At a young age, I grew to hate my dark complexion and my nappy hair. I wanted the lighter skin color, the lighter eyes, and the straight hair. In a way hated I myself and I hated that I was different from everyone else. I didn’t know any better at the time and I didn’t know how lucky I was. When I looked at my skin I saw it as not as cool, not as clean, not in, and I felt ugly. As I got older another thing began to happen. I started to hate my name. Teachers would try to pronounce it and messed it up. Made me feel down and embarrassed. My heart would pound in anger as they hacked my name in front of my peers. At times, I wondered, why couldn’t I have a regular name? What’s a regular name anyway?
I got to high school and nothing changed for me, I still felt the same. I took it upon myself to change my appearance. I decided to grow my hair and relax it. My hair went from nappy to curly . I loved it and my confidence was through the roof. I also developed a nasty way of thinking. I refused to date girls of my skin color. My reasoning was, I didn’t want dark skin babies. Saying that out loud disgusts me. I was ignorant and young…I knew nothing. Growing up around certain people did this to me, but was it really them? Or was it a real bad case of insecurity that I had to deal with?

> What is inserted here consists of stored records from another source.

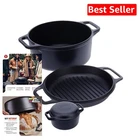 Non-Stick 6-Quart Cast Iron Dutch Oven & Skillet - Perfect for All Heat Sources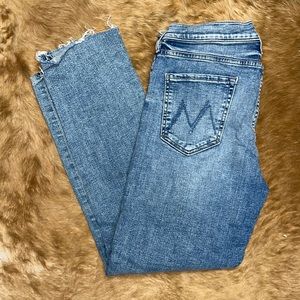 MOTHER mid rise rascal ankle fray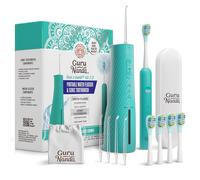 GuruNanda Lion & Lamb Kit 2.0, Electric Toothbrush with Water Flosser Combo, 4 Jet Tips, 4 Brush Heads, & IPX7 Waterproof Design for Complete Oral Care, Teal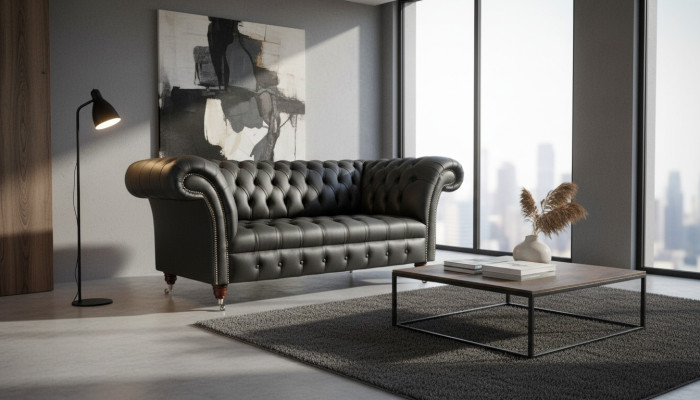 Chesterfield leather sofa couch upholstered 2 seater designer sofas couches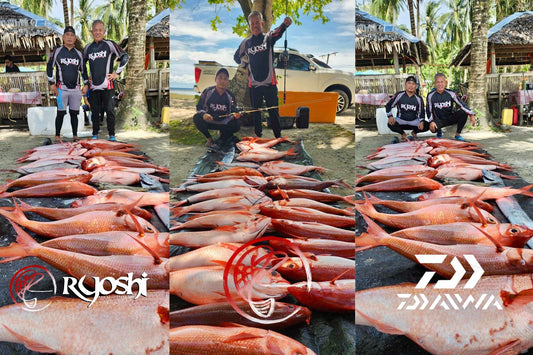 Team Ryoshi’s dynamic duo Angler Arriz Fundales and Angler Andres Padregosa hauling ruby snappers - Ryoshi Pro Outfitters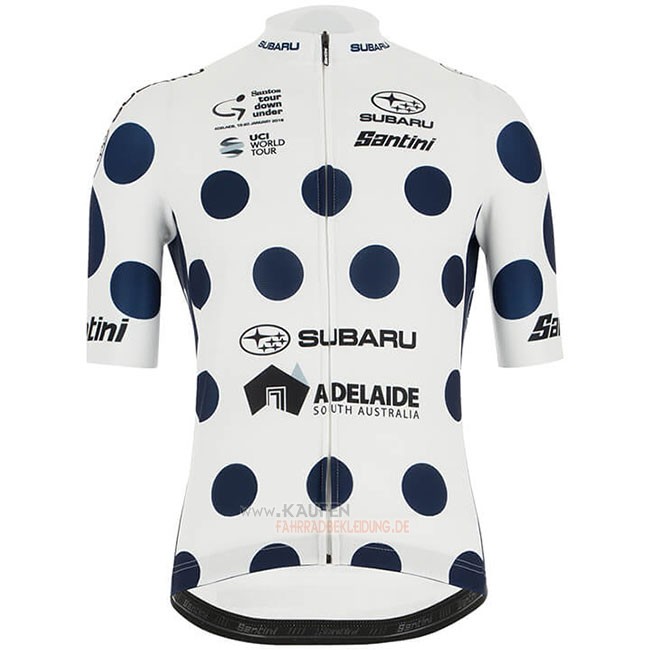 Tour Down Under Kurzarmtrikot 2019 und Kurze Tragerhose Blau Wei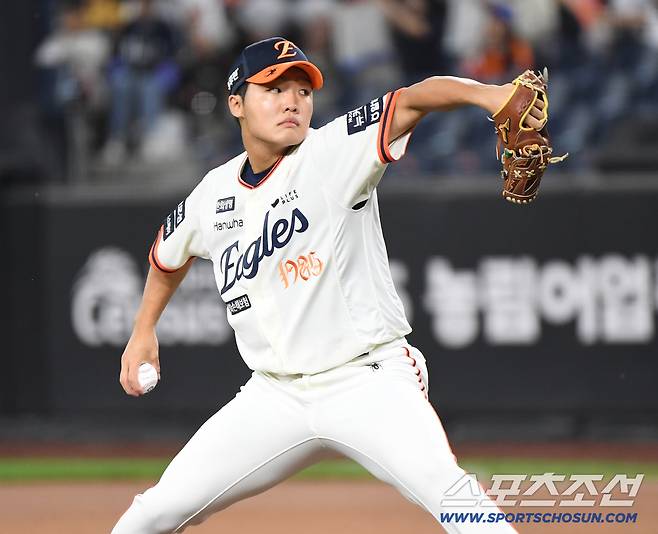 29일 대전 한화생명볼파크에서 열린 LG-한화전. 선발투수로 마운드에 오른 한화 정우주. 대전=정재근 기자 cjg@sportschosun.com/2025.9.29/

At 27, I realized that I spent half of my life hating myself. I wanted to look like a different person… how disgusting. From my hair down to my skin color. At times, I’m asked, what was it that made me change? To this day I still don’t know. I guess I grew up. I know better now and became educated. I learned how important it was to be proud in my skin and how unique and beautiful I am inside and out. The older I got the more proud I became. Proud of my culture, my skin color, proud of me. I love my dark skin color.